Mais la belle cité champenoise a été aussi, de tout temps, active et industrieuse : pourvue d'un atelier monétaire dès l'époque carolingienne, elle devient la capitale du comté au Xe siècle, grâce aux largesses de Charles le Chauve et à son importance comme évêché et comme centre religieux.
De plus, située au carrefour des routes qui vont de Bruges à Venise et de Paris en Allemagne, elle est le siège de deux des six foires de Champagne qui assurent sa prospérité et favorisent le développement de son industrie textile jusqu'au XIVe siècle. Cette option commerciale et industrielle ne la quittera pas au fil du temps, malgré l'opposition de Louis le Hutin, les destructions des guerres (de Cent Ans et de religion), l'incendie de 1524 qui la dévaste en grande partie et la révocation de l'Édit de Nantes qui fait fuir industriels et artisans protestants.

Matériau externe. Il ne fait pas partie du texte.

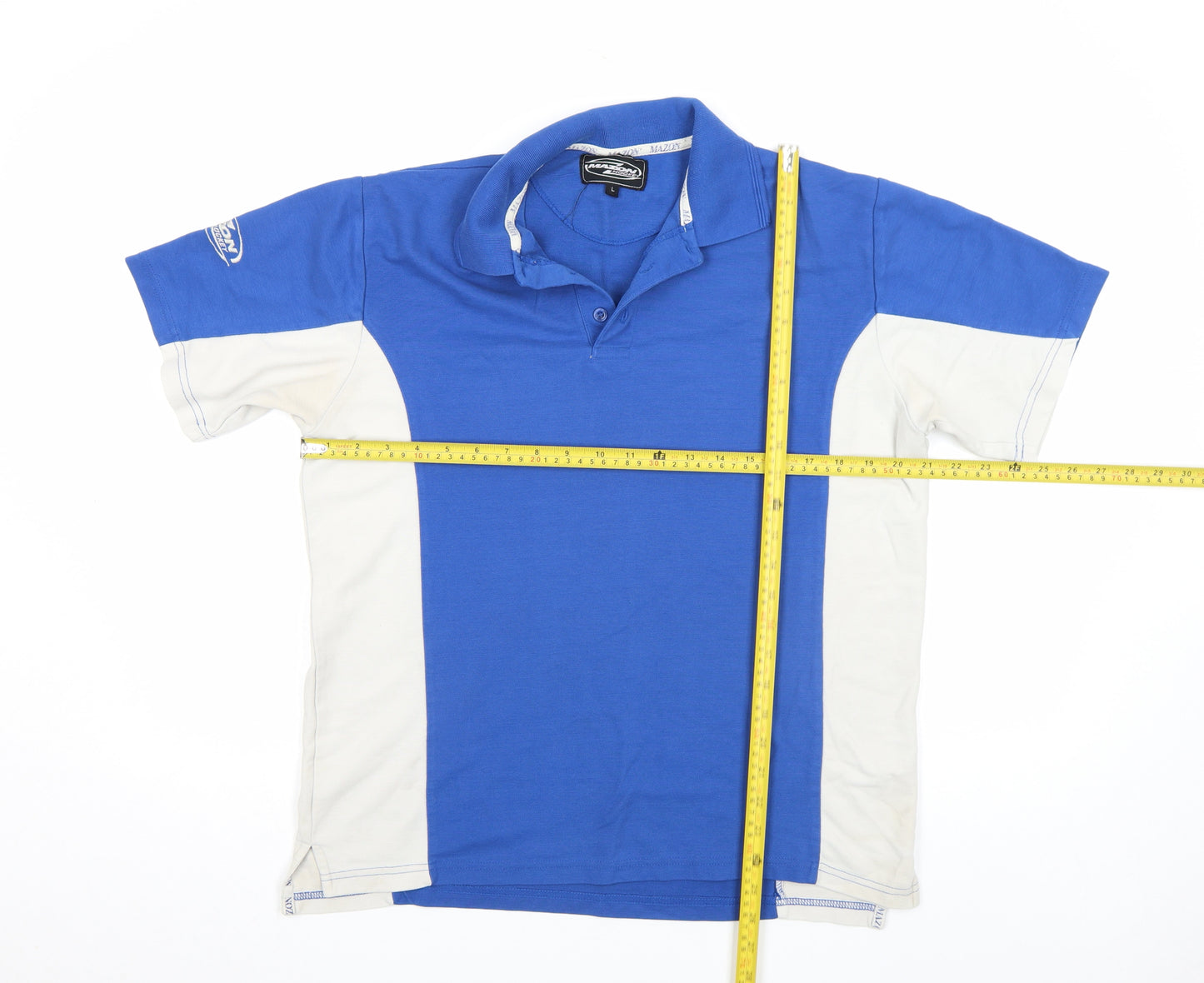 Mazon Men's Blue Colourblock Hockey Polo Shirt Size L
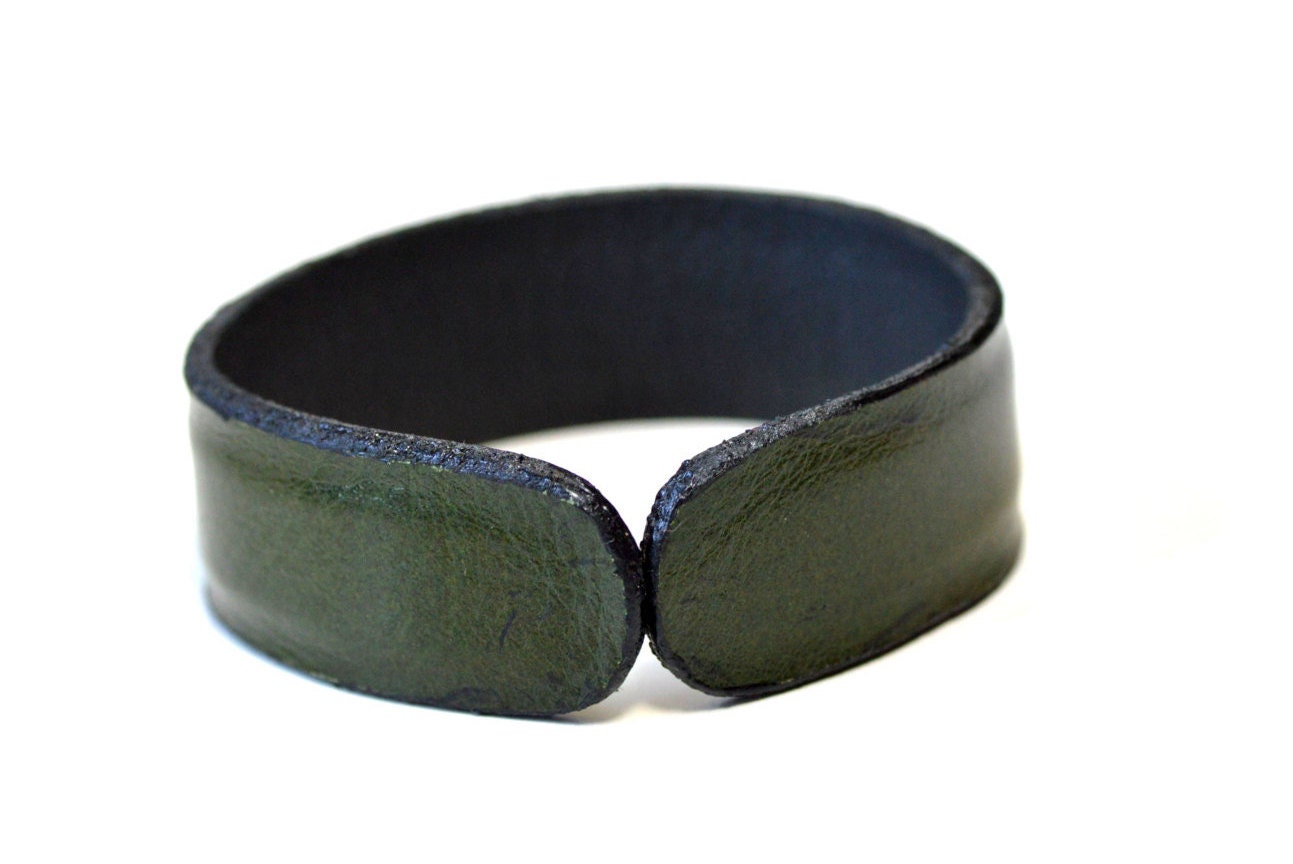 Adjustable Unisex Leather Cuff Bracelet Etsy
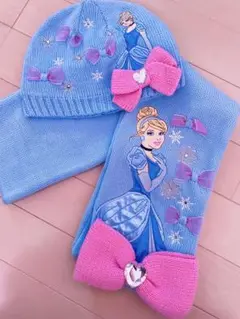 未使用品 ディズニープリンセス シンデレラ マフラー ニット帽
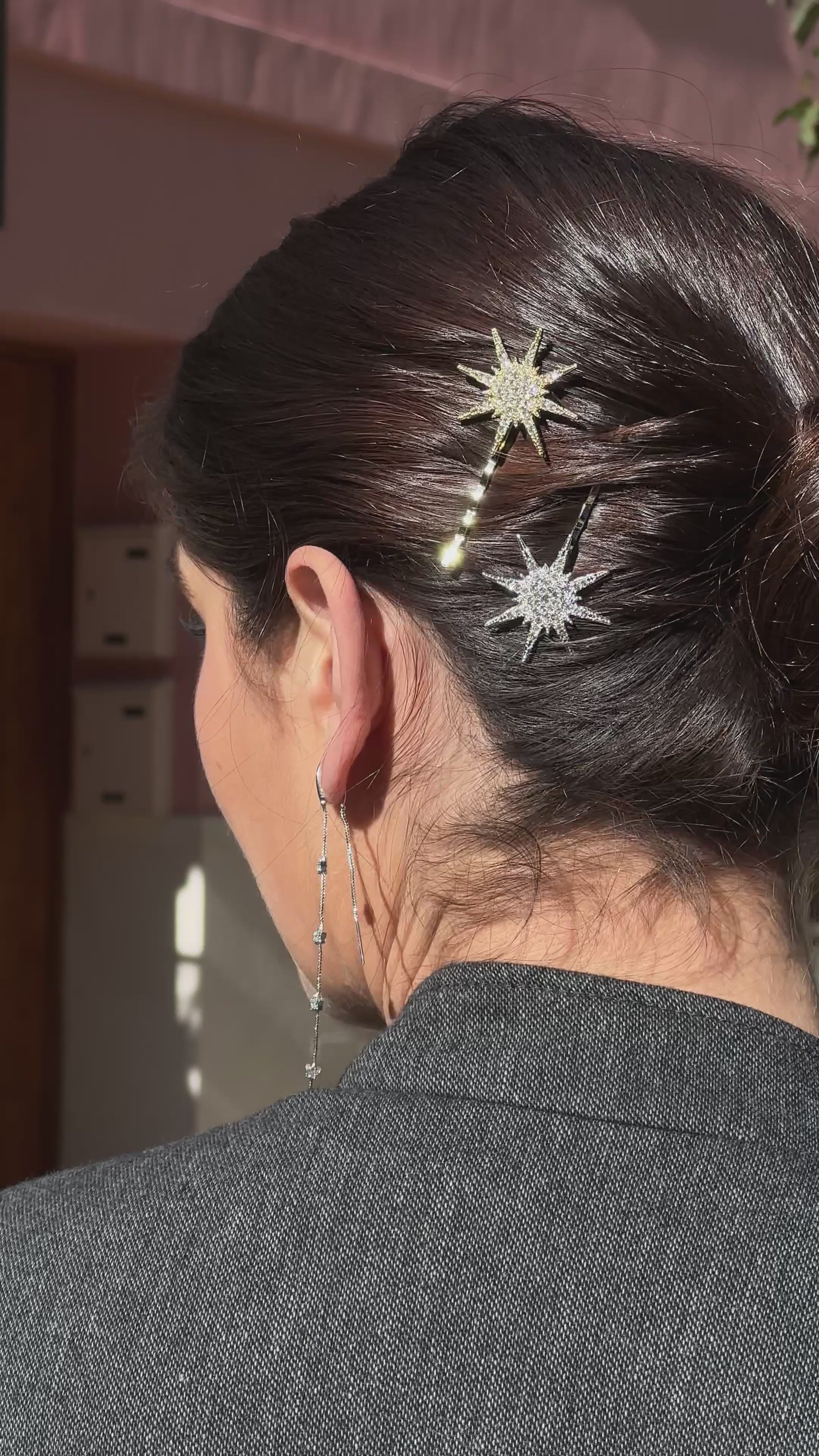 Pendiente Doble Cadena Estrellas (Unidad)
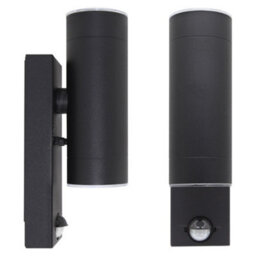 Long Life Lamps Company 12W Black Led Double Outdoor Wall With Pir Movement Sensor Stainless Steel Cool White Zlc366Bsen - thumbnail 4
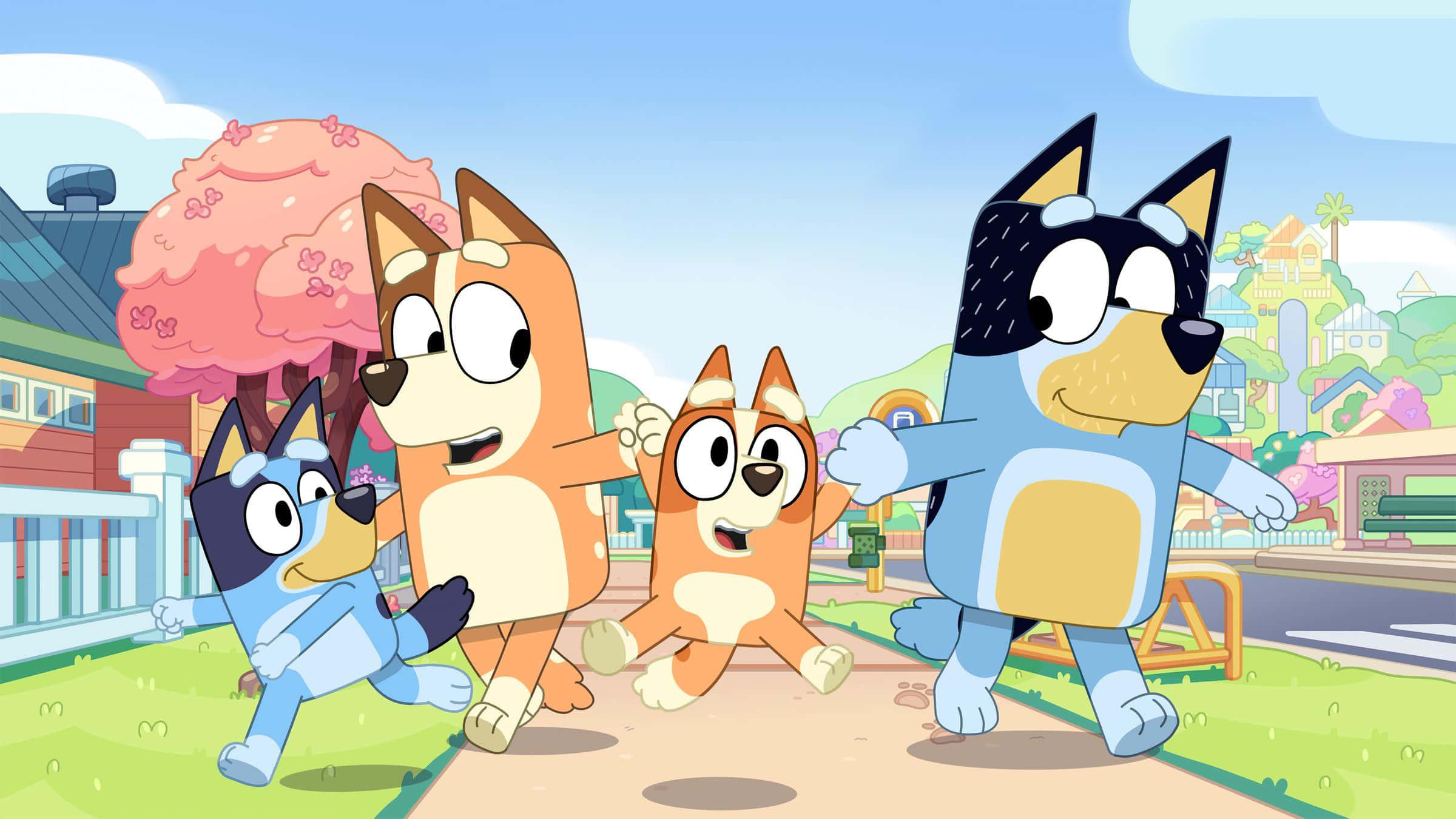 A vivid image of Bluey, a beloved children’s animation, set in an appealing background featuring vibrant colors and playful elements. — 2400x1350 wallpaper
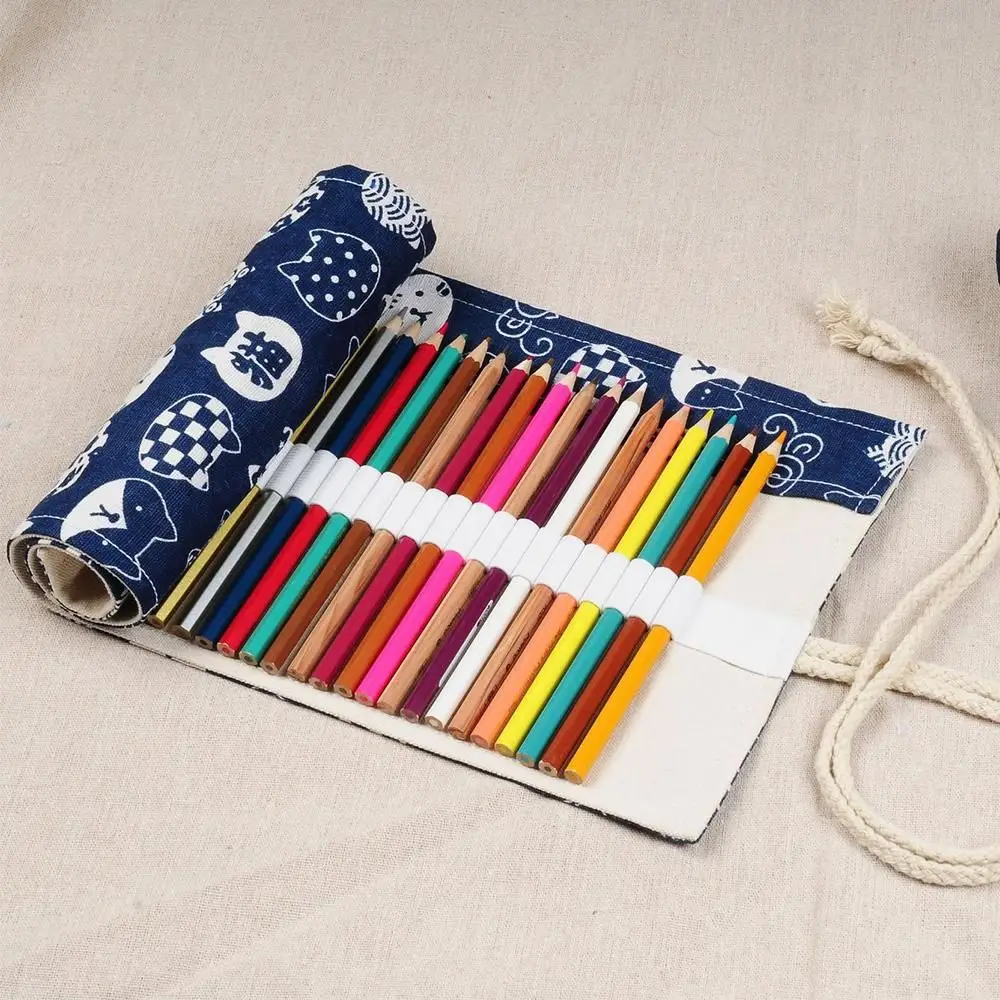 Imagem -03 - Grande Capacidade Roll up Pen Pouch Roll up Cosmetic Bags Canetas Caixa de Armazenamento Lápis Bolsas Pen Curtain Cat Pencil Case para Estudante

Autant de coups du sort, de passion ravageuse et d'intelligence constructive qui ont laissé des traces dans tous les quartiers de cette ville qu'Amédée Aufauvre nous fait visiter : la halle à la bonneterie et l'église Saint-Pantaléon, l'hôtel de Chapelaines et Notre-Dame-aux-Nonnains, l'hôtel de ville et la collégiale Saint-Urbain, la superbe cathédrale Saint-Pierre et Saint-Paul et l'ancienne Arquebuse... les portes, les enceintes, les boulevards. Toute une forêt de pierre dans laquelle les lecteurs se retrouvent, émerveillés.